Entretanto, durante años, la asociación entre la poética creativa y la experimentación geométrica, había sido el vínculo aparente que fundamentó su precioso trabajo sensitivo, a partir de 1964, introdujo en algunos de sus cuadros (configurados por centenares de finísimas líneas paralelas de tonalidades progresivas y saturaciones controladas), evocaciones a un cierto paisajismo o a presencias literarias, elaboradas con una armonía y perfección, asociables a las del primer Renacimiento o a aquellas de la segunda mitad del XVIII.

En 1977, después de atesorar una cuidada colección de arte español contemporáneo -en su inmensa mayoría conseguido a través de intercambios con su obra-, donó el conjunto a la ciudad de Alicante, que conformó el Museo de la Asegurada, base y fundamento de lo que es el MACA actual.

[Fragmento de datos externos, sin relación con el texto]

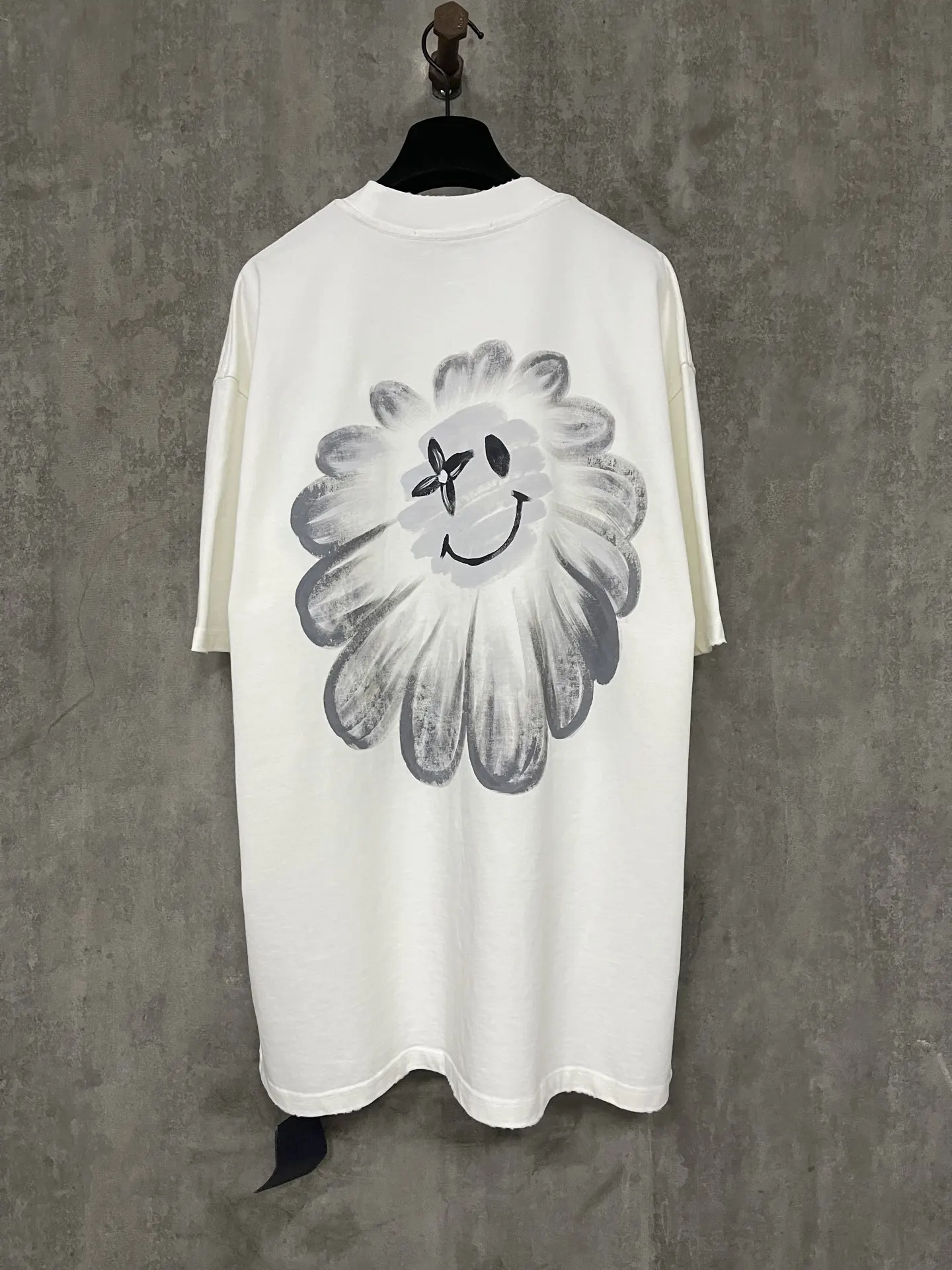 Hand-Painted Logo Heavyweight Cotton T-Shirt D17012344 — view 2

Si bien durante varias décadas (siguiendo la literatura crítica de las vanguardias), hemos asistido a muestras en las que se ha insistido sobre sus investigaciones y aportaciones estéticas relativas a la geometría o a la luz e, incluso, a su vinculación con la música y el movimiento, cabe innovar y reflexionar, ahora, acerca de un asunto que, a mi juicio, es la clave: su avanzada espiritualidad emocionante, siempre presente, y destacada en series como: «Las Cuatro Estaciones» (1965, 78); «La Luz de los Salmos» (1980); «Cántico Espiritual» (1982) y en la última de «Las Cuatro Estaciones» (1988), serigrafiada en Ibero-Suiza después de su muerte, y prologada por Vicente Aguilera Cerni: tal vez, aún estemos a tiempo de aprovechar el año.